- **EXERCISE AIM**:
Find the lines below holding the word "Apartment" and copy each of them.

[Web page caption snippets]
▼▼▼
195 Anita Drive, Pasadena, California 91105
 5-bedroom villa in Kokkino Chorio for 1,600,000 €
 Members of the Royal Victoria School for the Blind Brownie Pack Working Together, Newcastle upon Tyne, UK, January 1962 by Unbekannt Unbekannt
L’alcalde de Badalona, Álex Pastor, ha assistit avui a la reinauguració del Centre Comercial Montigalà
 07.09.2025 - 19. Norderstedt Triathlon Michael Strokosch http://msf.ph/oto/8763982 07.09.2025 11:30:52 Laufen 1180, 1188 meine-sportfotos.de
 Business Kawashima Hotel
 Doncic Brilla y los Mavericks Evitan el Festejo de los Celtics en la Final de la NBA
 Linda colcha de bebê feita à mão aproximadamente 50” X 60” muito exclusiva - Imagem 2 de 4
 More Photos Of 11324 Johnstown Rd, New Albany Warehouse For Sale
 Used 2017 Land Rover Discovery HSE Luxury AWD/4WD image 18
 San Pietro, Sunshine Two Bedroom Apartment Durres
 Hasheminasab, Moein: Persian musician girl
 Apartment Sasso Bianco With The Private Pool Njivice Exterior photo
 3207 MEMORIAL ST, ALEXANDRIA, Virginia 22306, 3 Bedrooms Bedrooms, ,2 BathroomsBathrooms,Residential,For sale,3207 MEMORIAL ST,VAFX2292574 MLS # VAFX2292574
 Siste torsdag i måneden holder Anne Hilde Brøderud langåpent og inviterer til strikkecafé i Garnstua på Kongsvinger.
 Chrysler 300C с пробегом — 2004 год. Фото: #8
▲▲▲
- **SOLUTION TO THIS TASK**:
 San Pietro, Sunshine Two Bedroom Apartment Durres
 Apartment Sasso Bianco With The Private Pool Njivice Exterior photo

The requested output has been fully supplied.